WHAT TO DO: What are the lines, copied exactly, from the one containing "Genuine Engine Mount" through the final line of the material? Leave the pictures out.

__________

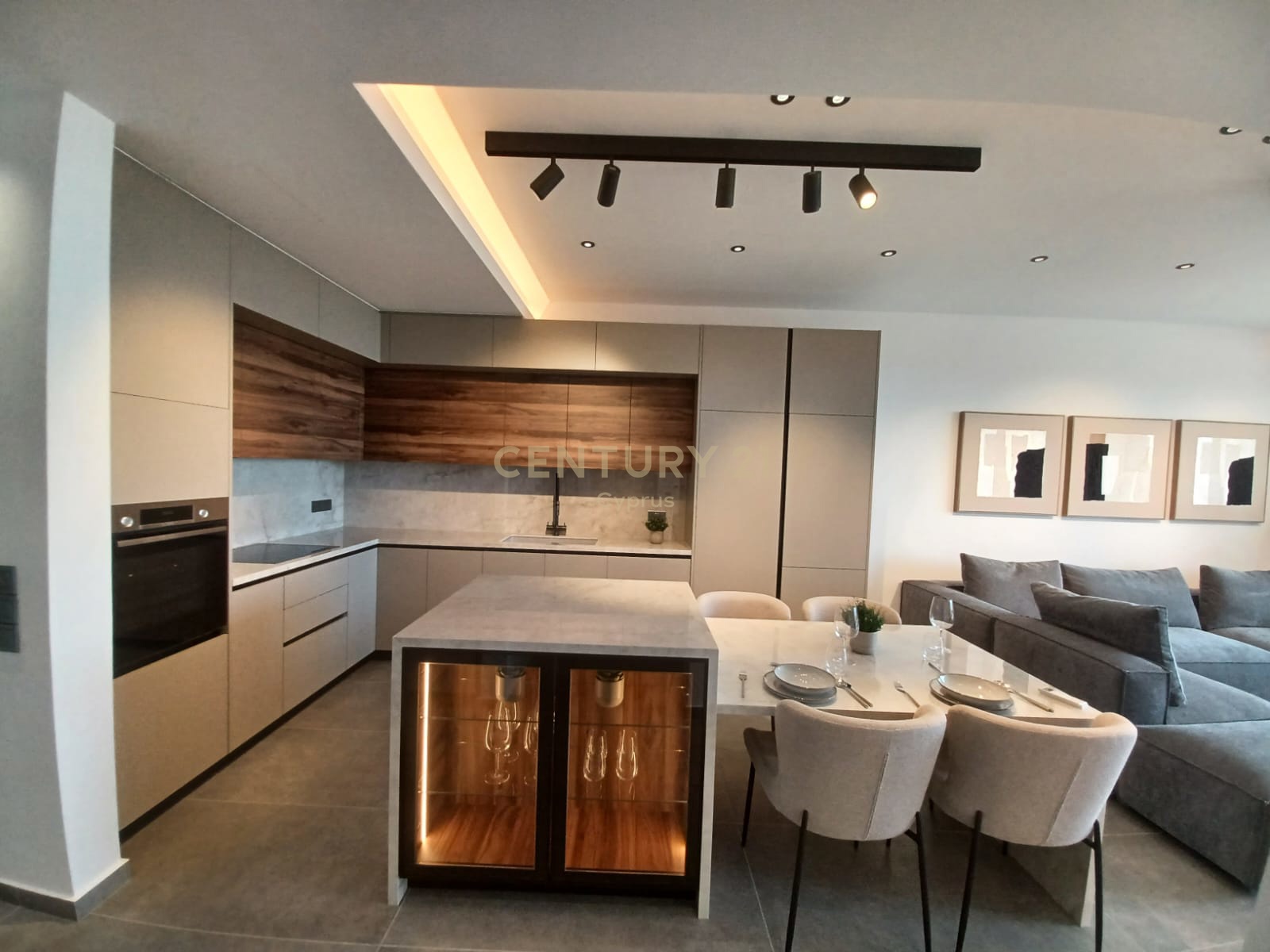 2 bedrooms Apartment in Agios Athanasios, Limassol, Cyprus No. 53734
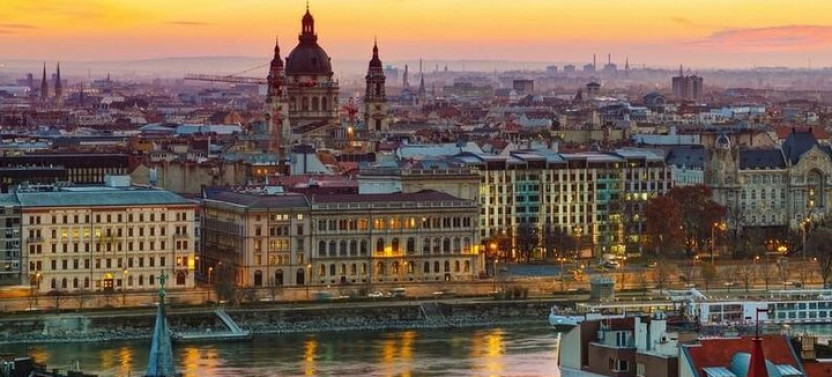 Budapest: The Best Of Pest From Central Market Hall To Hosok Tere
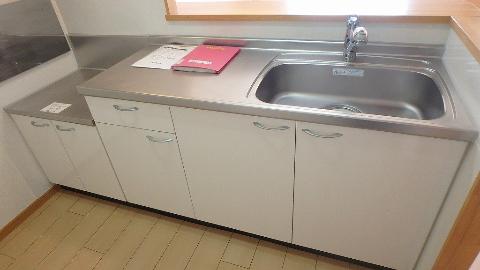 キッチン　対面キッチンで会話が弾みます♪（イメージ）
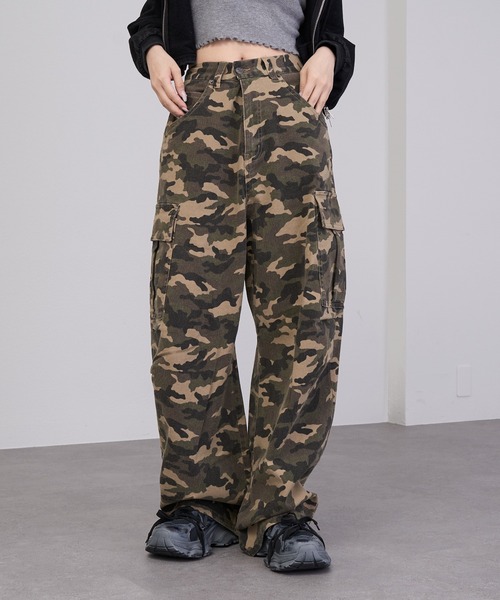 RAY CASSIN(レイカズン)の「デニムカーゴパンツ(デニムパンツ・レディース・ブルー/スカイブルー/ベージュ系その他2/カーキ・S/M)」の19枚目の写真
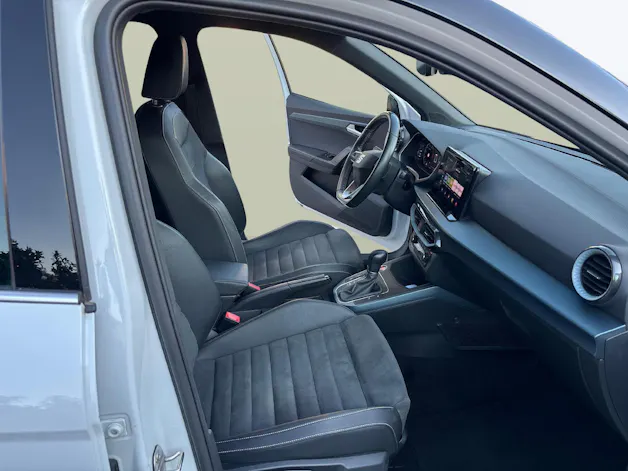 SEAT Arona 1.0 TSI 110 Hola Xperience DSG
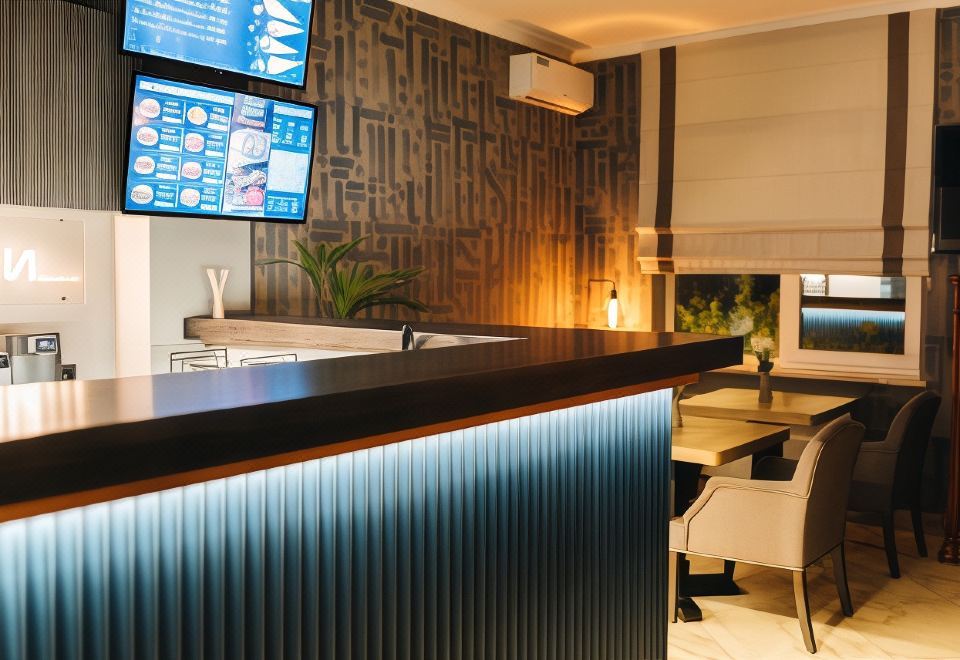 Corona Hotel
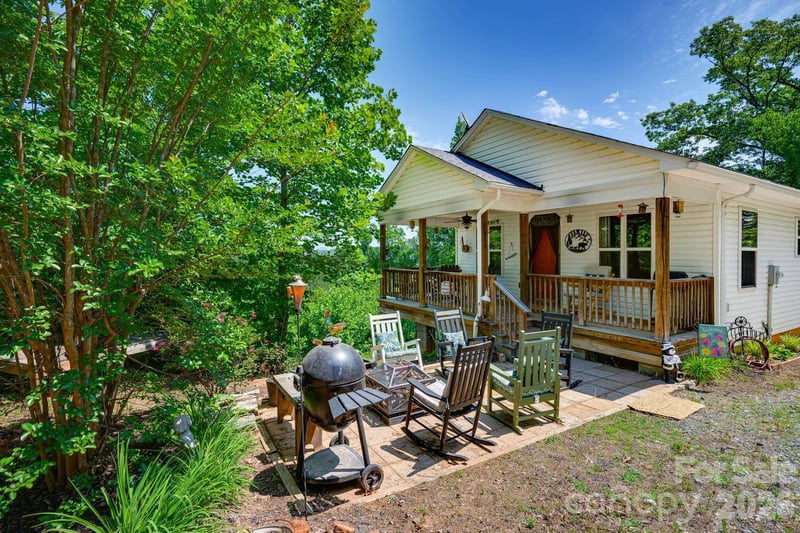 419 Travelers Rest Ln, Rutherfordton, NC 28139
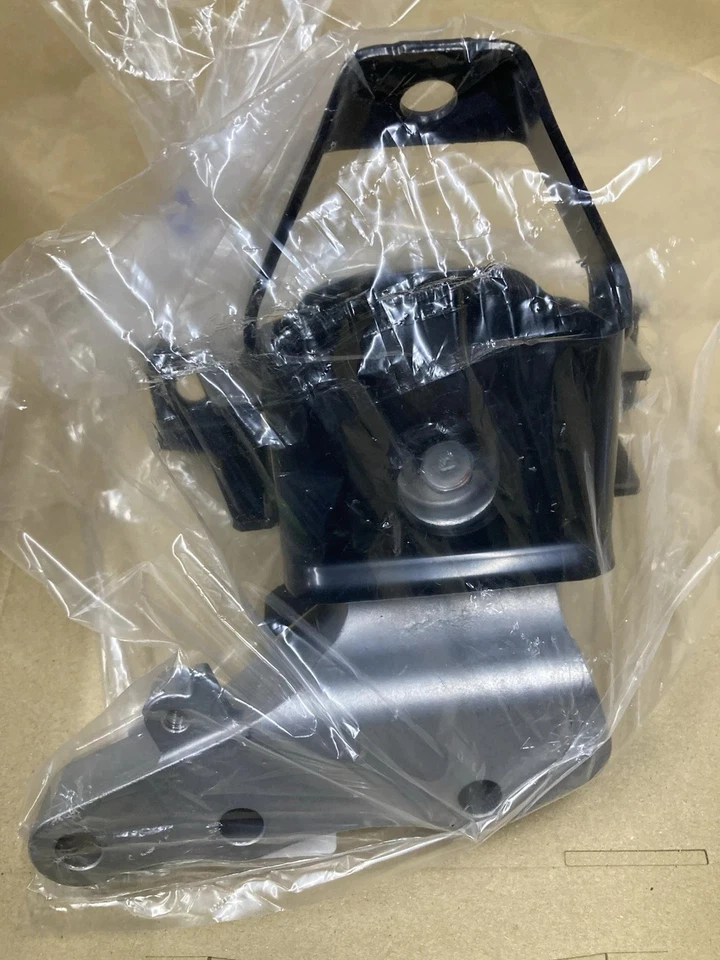 Genuine Engine Mount RH Front OEM 11610-52R51 New For Suzuki Swift Model ZC83S - Image 4 of 4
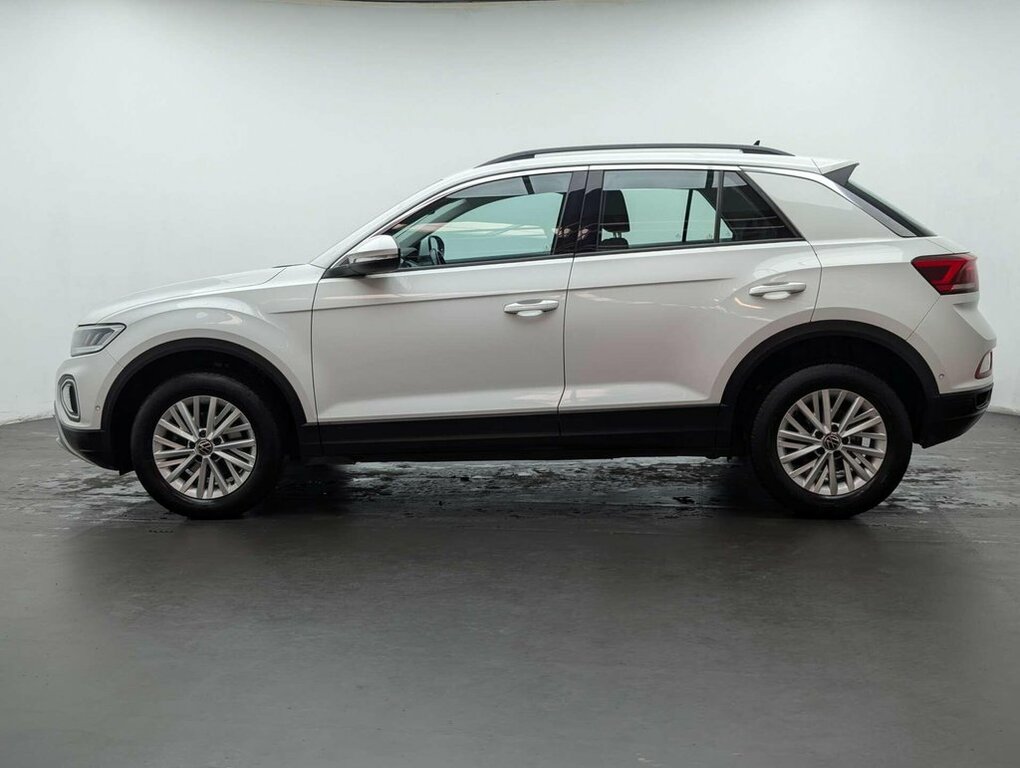 Volkswagen T-Roc 1L Life MV72ZSY White #5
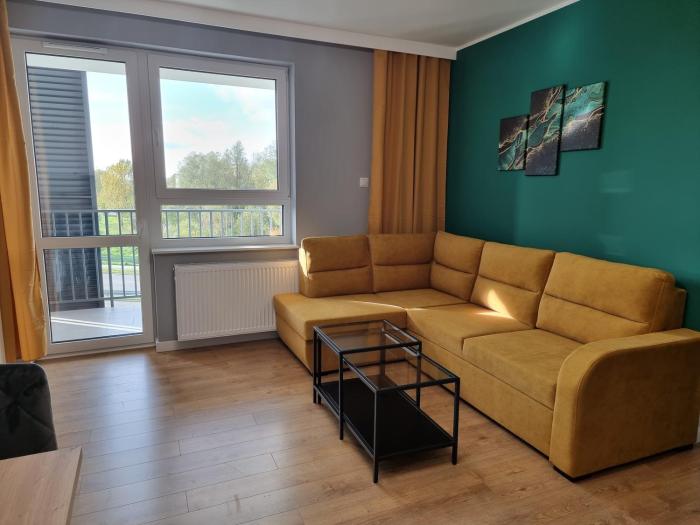 Nowy piękny apartament spokojna okolica, zielono, w poblizu basen, silownia, galerie, lotnisko 8 min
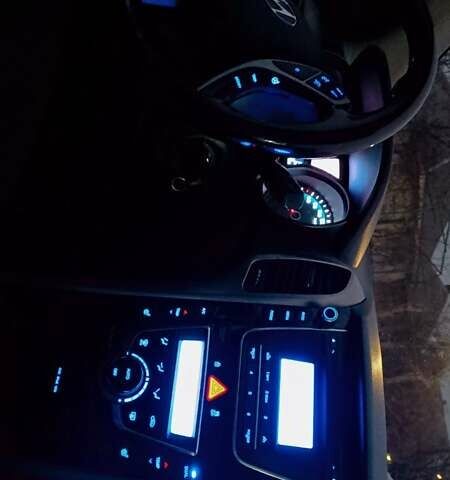 Белый Хендай i30, объемом двигателя 1.6 л и пробегом 204 тыс. км за 10500 $, фото 6 на Automoto.ua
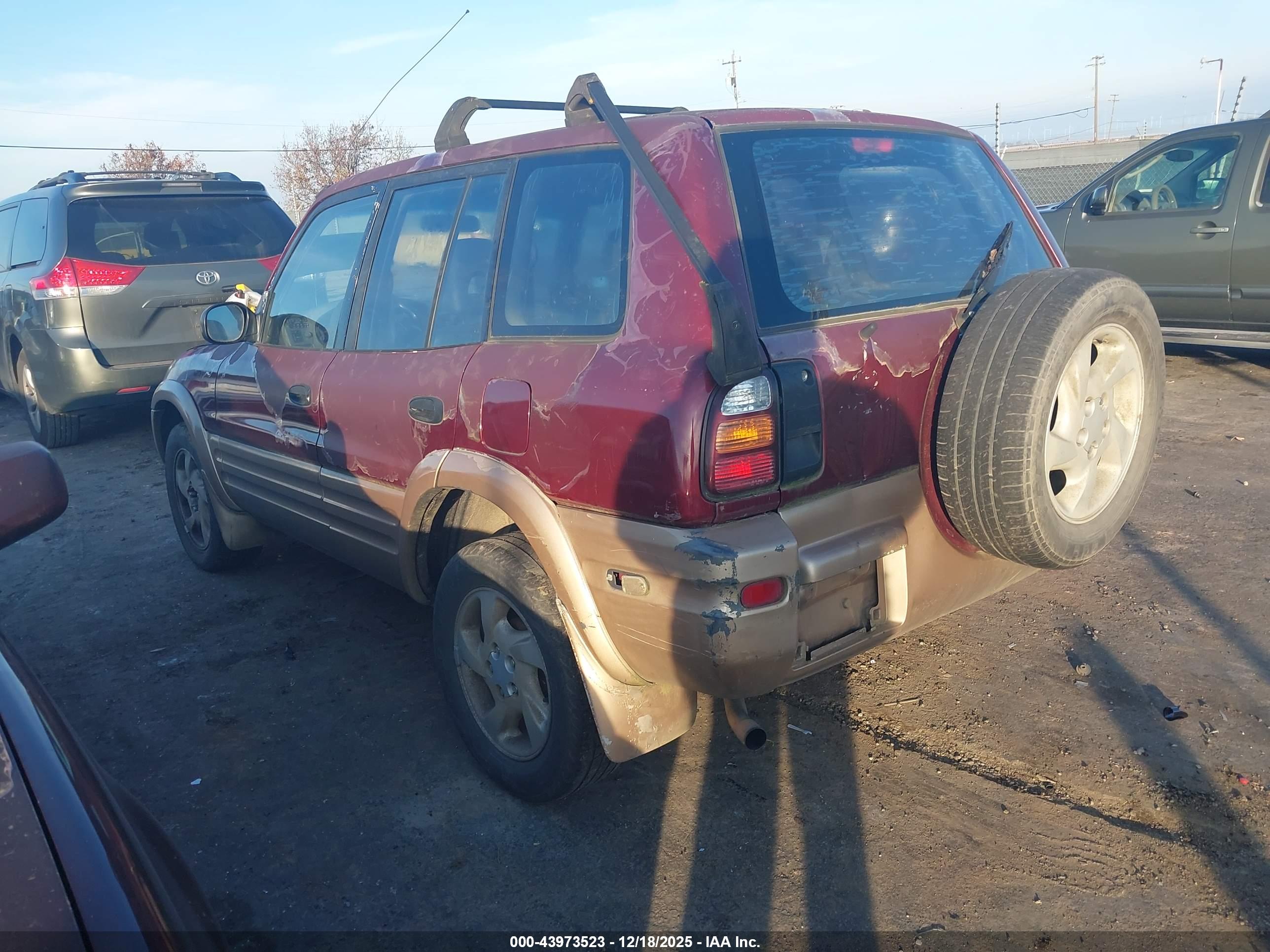 TOYOTA RAV4 image 3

__________

WRITTEN RESPONSE:
 Genuine Engine Mount RH Front OEM 11610-52R51 New For Suzuki Swift Model ZC83S - Image 4 of 4
 Volkswagen T-Roc 1L Life MV72ZSY White #5
 Nowy piękny apartament spokojna okolica, zielono, w poblizu basen, silownia, galerie, lotnisko 8 min
 Белый Хендай i30, объемом двигателя 1.6 л и пробегом 204 тыс. км за 10500 $, фото 6 на Automoto.ua
 TOYOTA RAV4 image 3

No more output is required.